Our system of funding political campaigns is systematically corrupt. The people operating within this system are not doing anything illegal or necessarily immoral. All representatives have to operate within this system to be representatives. This system of campaign funding was created not by design, but by default. The unelected justices on the Supreme Court have over the years stripped away at our ability to fight the corruption caused by the way money moves in politics. Our legislators have responded by shifting their focus. Like the pigeons in Skinner’s box, they have learned where to peck to receive the sustenance they need. Running political campaigns costs money. They have to turn to the funders for that money. As a result, the funders have their ears. We have representatives who, for all intents and purposes, represent their funders, instead of the people. And the people are not their funders. This is not the Republic the founders intended.

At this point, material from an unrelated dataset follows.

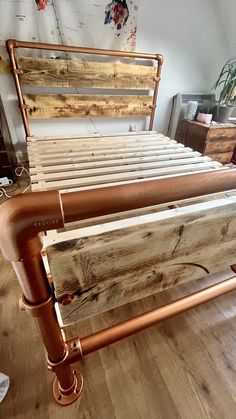 a bed frame made out of wood and pipes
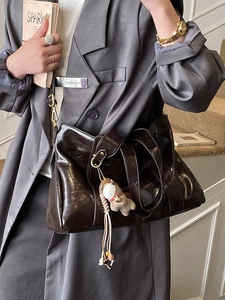 Borsa tote in pelle marrone scuro lucida con ciondolo di peluche su modella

There is a comprehensive set of reforms that could largely remedy this; it is called the American Anti-Corruption Act. A very abbreviated summary of these reforms will appear as a question on the ballots of Genoa Township residents. This non-binding question gives citizens the opportunity to publicly and officially state, “Yes, I support these types of corruption-fighting measures.”
Genoa resident Shannon Wilde, with help from Represent.Us, the grassroots corruption-fighting group of which she is a member, is largely responsible for this effort. She is a citizen fighting to restore representative democracy in the U.S. I urge Genoa Township residents to stand with her and against corruption on Nov. 4.